If "Wolves" is aimed at the fear factor, the Bush campaign's "Ashley's Story" is meant to evoke warm, fuzzy feelings. It is based on an encounter Bush had with teenager Ashley Faulkner on May 4, when Ashley, now 16; her father, Lynn Faulkner; and neighbor Linda Prince attended a Bush campaign even in Lebanon, Ohio. Ashley's mother was killed during the attack on the World Trade Center towers. As Bush passed the Faulkners on the rope line, Prince said to him, "Mr. President, this young lady lost her mother in the World Trade Center."

Bush turned back and gave the girl a big hug while Lynn Faulkner took a single picture with his digital camera. The picture shows Ashley's face buried in the president's chest. That night Lynn Faulkner e-mailed his photo to a dozen family members and friends, and two days later the picture appeared in the Cincinnati Enquirer. Says Ashley in the ad: "He's the most powerful man in the world, and all he wants to do is make sure I'm safe, that I'm OK."

The 60-second spot represents the most expensive TV ad of the presidential campaign. It is to air in nine states -- Florida, Iowa, Minnesota, Missouri, Nevada, New Mexico, Ohio, Pennsylvania and Wisconsin -- on both network and cable channels, at a cost of $14.2 million. Funded by the GOP special-interest group the Progress for America Voter Fund, run by a political consultant who is a protégé of Karl Rove's, the ad is being supported with 2.3 million direct mailings, e-mails, phone calls and a Web site (ashleysstory.com). Filmed in July, the ad, like "Wolves," has been withheld until the final days of the campaign.

"Brooke's Story," featuring the sister of a U.S. soldier killed in Iraq, and sponsored by the liberal MoveOn.org PAC, is the emotional flip side to "Ashley's Story." Where "Ashley's Story," with its treacly piano score, feels like a made-for-television Hallmark movie, "Brooke's Story" is akin to a "Fahrenheit 9/11" outtake.

It opens up with Bush, dressed in a tuxedo, at the annual Radio and Television Correspondents Association dinner in Washington, joking about being unable to find weapons of mass destruction in Iraq. "Those WMD have got to be somewhere ... Ha, ha ... nope, not over here."

The spot then cuts to Brooke Campbell: "I watched President Bush make a joke.
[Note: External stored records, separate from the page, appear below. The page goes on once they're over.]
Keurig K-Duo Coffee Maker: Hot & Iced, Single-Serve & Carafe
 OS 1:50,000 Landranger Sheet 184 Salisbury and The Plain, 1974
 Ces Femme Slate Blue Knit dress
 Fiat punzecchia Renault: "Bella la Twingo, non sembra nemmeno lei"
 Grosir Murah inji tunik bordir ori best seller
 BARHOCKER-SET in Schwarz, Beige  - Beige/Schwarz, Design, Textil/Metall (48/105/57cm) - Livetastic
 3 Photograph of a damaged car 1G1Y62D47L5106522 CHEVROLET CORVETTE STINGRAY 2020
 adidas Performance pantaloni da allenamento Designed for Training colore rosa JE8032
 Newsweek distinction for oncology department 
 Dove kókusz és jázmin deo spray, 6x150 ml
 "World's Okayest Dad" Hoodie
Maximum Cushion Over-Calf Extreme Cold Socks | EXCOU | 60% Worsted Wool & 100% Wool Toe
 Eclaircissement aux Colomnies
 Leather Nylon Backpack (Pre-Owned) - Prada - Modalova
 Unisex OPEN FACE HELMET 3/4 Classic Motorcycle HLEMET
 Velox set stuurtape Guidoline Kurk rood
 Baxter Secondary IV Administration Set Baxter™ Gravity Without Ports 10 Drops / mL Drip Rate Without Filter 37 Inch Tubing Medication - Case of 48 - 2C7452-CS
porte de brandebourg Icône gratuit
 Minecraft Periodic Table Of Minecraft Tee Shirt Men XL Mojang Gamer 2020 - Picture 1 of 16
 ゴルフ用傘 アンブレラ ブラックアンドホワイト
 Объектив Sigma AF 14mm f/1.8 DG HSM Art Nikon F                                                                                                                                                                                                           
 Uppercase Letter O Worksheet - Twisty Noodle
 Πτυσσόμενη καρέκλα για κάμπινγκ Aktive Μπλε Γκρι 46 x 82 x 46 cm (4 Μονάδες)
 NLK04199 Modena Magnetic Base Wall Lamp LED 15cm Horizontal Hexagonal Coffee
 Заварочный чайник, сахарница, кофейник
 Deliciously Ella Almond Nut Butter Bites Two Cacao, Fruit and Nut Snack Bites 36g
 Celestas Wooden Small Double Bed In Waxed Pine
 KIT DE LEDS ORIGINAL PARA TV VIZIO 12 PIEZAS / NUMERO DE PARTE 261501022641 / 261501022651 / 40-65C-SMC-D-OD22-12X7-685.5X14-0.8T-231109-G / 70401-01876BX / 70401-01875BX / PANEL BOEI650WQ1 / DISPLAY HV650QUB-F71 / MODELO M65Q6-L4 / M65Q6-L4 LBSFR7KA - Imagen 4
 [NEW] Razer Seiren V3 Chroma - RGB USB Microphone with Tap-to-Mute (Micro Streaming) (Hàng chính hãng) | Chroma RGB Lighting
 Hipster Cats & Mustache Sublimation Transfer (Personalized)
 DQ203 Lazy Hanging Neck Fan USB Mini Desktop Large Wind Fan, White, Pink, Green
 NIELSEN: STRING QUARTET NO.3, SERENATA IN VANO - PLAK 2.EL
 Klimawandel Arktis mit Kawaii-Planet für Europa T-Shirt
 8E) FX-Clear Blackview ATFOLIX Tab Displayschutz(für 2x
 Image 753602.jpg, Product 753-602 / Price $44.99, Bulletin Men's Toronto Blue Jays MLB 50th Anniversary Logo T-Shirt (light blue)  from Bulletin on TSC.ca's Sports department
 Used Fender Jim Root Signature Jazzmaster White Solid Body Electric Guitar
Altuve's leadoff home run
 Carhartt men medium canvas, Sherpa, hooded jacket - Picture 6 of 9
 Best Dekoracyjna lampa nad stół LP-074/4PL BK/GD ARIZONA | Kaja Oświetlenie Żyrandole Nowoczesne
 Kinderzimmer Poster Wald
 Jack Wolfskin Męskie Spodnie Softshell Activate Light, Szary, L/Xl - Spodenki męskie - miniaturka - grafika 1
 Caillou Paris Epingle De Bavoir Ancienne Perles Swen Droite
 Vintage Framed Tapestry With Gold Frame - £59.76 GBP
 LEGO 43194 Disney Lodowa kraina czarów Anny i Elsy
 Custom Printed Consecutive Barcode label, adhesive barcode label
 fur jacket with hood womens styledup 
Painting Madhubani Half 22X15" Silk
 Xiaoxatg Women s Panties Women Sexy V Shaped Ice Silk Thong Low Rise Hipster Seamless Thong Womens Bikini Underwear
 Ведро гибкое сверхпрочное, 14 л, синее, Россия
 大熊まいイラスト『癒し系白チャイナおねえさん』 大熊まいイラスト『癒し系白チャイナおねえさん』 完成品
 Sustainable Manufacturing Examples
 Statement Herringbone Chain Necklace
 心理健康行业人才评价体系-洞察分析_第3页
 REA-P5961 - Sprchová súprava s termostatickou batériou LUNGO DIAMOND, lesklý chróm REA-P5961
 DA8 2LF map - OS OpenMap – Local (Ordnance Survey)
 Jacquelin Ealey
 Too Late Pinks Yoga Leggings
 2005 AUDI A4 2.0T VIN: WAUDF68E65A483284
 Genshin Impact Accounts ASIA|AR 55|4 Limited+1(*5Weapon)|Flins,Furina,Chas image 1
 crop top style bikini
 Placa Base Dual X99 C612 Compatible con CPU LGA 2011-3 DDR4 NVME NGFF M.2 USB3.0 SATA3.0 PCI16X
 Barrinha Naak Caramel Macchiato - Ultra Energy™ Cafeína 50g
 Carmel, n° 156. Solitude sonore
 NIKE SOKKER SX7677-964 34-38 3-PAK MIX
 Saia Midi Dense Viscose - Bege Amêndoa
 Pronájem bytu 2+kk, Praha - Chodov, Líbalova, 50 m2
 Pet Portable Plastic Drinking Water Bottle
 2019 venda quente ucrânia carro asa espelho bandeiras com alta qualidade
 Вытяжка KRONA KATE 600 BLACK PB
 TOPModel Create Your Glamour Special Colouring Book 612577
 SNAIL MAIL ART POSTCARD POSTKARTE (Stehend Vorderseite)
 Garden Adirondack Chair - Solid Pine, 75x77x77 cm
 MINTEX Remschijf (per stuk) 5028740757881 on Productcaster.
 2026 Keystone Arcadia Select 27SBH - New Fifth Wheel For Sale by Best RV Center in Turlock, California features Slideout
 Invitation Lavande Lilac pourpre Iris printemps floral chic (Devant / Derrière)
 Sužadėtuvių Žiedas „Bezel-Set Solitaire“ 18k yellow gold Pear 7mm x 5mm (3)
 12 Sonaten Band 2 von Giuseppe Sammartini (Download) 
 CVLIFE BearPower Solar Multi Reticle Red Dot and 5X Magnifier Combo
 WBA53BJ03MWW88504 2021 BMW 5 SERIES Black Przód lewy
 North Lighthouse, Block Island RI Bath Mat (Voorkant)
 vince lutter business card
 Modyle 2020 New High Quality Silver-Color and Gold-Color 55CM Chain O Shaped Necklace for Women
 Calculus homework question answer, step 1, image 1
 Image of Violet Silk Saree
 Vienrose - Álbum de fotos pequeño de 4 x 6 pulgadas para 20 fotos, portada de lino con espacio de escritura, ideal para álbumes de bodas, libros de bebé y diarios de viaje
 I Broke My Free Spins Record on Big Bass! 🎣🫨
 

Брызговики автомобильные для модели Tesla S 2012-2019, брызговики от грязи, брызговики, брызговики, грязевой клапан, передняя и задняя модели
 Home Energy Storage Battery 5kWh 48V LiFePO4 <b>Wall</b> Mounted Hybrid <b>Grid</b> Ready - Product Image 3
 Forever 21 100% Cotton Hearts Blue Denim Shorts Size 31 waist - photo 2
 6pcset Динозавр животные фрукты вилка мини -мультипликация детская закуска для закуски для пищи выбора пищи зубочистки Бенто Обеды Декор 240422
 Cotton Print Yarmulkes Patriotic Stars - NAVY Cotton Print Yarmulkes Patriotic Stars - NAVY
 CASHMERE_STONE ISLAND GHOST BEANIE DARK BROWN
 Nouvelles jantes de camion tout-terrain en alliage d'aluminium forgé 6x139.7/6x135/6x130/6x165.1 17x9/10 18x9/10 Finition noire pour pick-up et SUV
My brother died looking for WMD." Her brother, Sgt. Ryan Campbell, was killed on April 29 in a suicide bomber attack in Iraq.

MoveOn raised $1.2 million from 18,477 members to help get this ad on the air, scheduled for an initial run Monday through Wednesday in the swing states of Florida, Iowa, Minnesota, Nevada, Ohio, Pennsylvania and Wisconsin. Still, that ad buy is dwarfed by the $14.2 million behind "Ashley's Story."

But the primary difference between these two spots goes beyond the respective media buys. The Bush campaign's ad is a sheer appeal to emotion, while MoveOn's ad is about tragic reality.